#### WORK REQUEST:
Given the listing below, write out exactly the lines starting with the line that has "Cameron | Men's" and going on through the line that has "Outdoor Stool Set", both kept.

╔══

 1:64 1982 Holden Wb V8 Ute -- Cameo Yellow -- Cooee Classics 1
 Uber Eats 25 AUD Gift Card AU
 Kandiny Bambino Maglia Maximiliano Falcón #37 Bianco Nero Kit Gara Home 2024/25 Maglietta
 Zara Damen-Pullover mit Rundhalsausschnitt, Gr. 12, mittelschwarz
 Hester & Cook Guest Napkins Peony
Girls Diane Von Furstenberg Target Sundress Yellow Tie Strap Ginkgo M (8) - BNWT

╚══
╔══

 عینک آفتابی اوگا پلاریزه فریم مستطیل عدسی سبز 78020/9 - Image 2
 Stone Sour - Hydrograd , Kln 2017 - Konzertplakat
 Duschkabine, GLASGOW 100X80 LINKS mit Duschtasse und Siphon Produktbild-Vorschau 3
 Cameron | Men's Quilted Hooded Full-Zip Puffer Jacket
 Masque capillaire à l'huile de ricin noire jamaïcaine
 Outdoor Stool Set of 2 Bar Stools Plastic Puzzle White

╚══

#### SOLUTION TO THIS TASK:
 Cameron | Men's Quilted Hooded Full-Zip Puffer Jacket
 Masque capillaire à l'huile de ricin noire jamaïcaine
 Outdoor Stool Set of 2 Bar Stools Plastic Puzzle White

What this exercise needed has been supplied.